This guest post is by Steven Kang who blogs at ssbkang.com, where you can find his back catalogue of posts. Find out more about the guest blogger program here.
INTRODUCTION
While upgrading ESXi 5.0 servers to 5.5 , I faced an issue that a bunch of virtual machines weren’t able to be vMotioned while entering maintenance mode.
In this blog post, I would like to share with you how I went through the issue and found the solution.
SYMPTOM
Initial symptom was that whenever I execute vMotion with a several virtual machines, it stopped at 14% saying:
“A specified parameter was not correct”
INVESTIGATION
Before diving into this issue, let us be more specific. There were 4 ESXi servers all with version 5.0 no update and I will call them:
- ESXiA
- ESXiB
- ESXiC
- ESXiD
There were a number of virtual machines had this issue but I picked one virtual machine, VMA which was registered on ESXiA. With this virtual machine:
- vMotion to ESXiC & ESXiD worked
- vMotion to ESXiB didn’t
Re-visiting the symptom above, vMotion stopped at 14% which means that ESXiA was about to start transferring memory state and it failed.
First investigation was made on VMKernel log to figure out why memory transfer has aborted, however, it didn’t indicate anything. Next log I took a look was the hostd.log and one line I found was the following:
The error message seemed like the issue was related. But looking at this VMware KB, since the ESXi server was 5.0 with no update, this was a known issue that could have been ignored.
While looking at the virtual machine configuration, one odd thing was that the virtual machine wasn’t showing correct swapfile datastore. Since our environment uses dedicated VMFS volumes for swap files, normally, it should have shown on the summary tab:
- datastore1
- datastore2
- swap_datastore1
But it didn’t show swap_datastore1. As swap file moves with virtual machine configuration files, I tried to storage vMotion configuration files to another datastore and gotcha, it started showing up all datastores correctly. However, vMotion failed again with the same error message and guess what, swap_datastore1 disappeared again. This proved that when ESXi tried to transfer swap file to another dedicated swap datastore and it failed.
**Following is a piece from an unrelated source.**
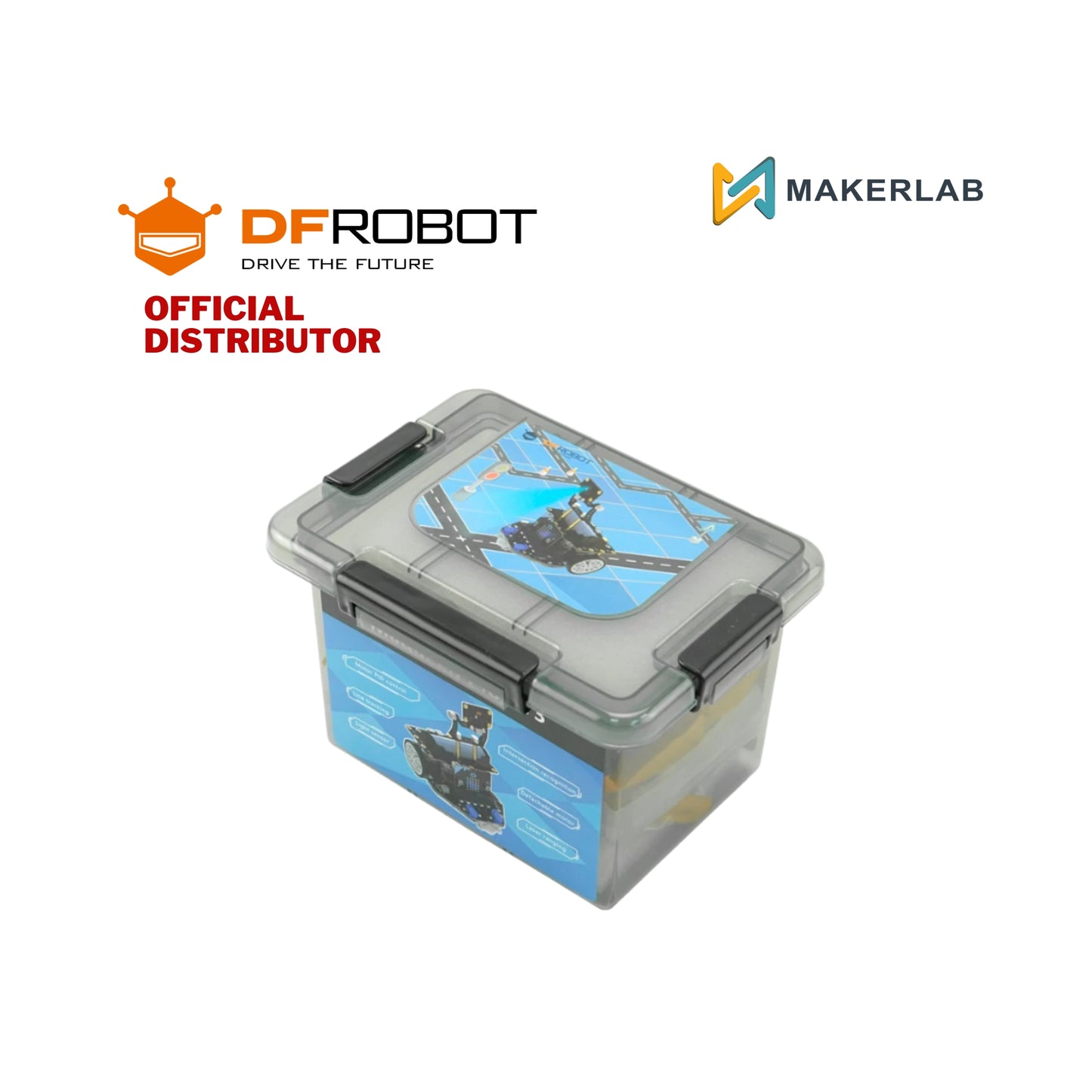 DFRobot Maqueen Plus V3 - STEM Educational micro:bit Robot with Matrix Laser Ranging (18650 Battery)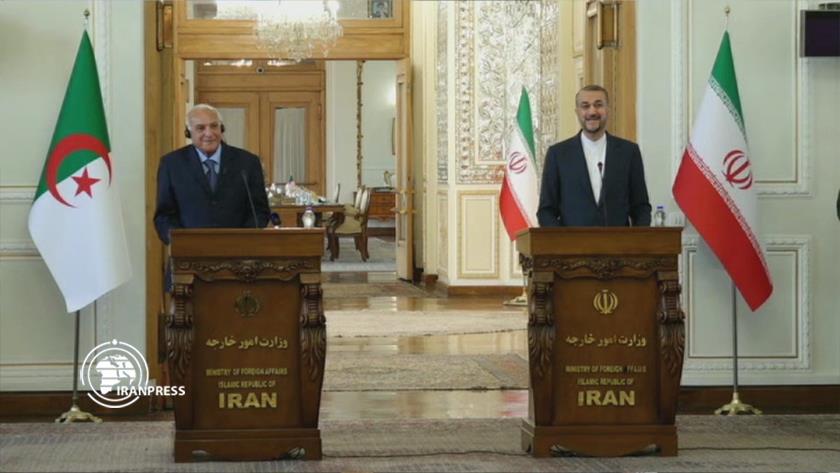 Iranpress: Iran, Algeria FMs hold joint press conference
Next step taken was to see what was going on with ESXi server by connecting to it directly using vSphere client. Surprisingly, there were a lot of pending jobs of:
“Register virtual machine”
SOLUTION
To fix this problem, it was required to clear up all queued jobs on this ESXi server.
First attempt made was to cancel the jobs by
- right click
- Cancel
But the cancel was greyed out. As I wasn’t sure which service does registering virtual machine job, I restarted management services by running “services.sh restart”. The connection to ESXi server was disconnected and after logging back into it, jobs were cleared. Re-tried vMotion and the issue was fixed.
WRAP-UP
To summarise the issue and soluion:
- vMotion stopped at 14% saying A specified parameter was not correct
- Restarted management services on all ESXi servers to clear jobs
Surprising thing found was that the very first job queued was for more than a month (not shown on the screenshot above). I suspect that the issue happened when:
- Virtual machines weres being vMotioned to other ESXi servers by DRS
- During this, there was a storage outage that affected all swap file VMFS volumes (yes… there was one)
- Hence, the jobs started hanging as ESXi couldn’t find appropriate swap VMFS volumes
Hope this helps to those of you are facing the same issue.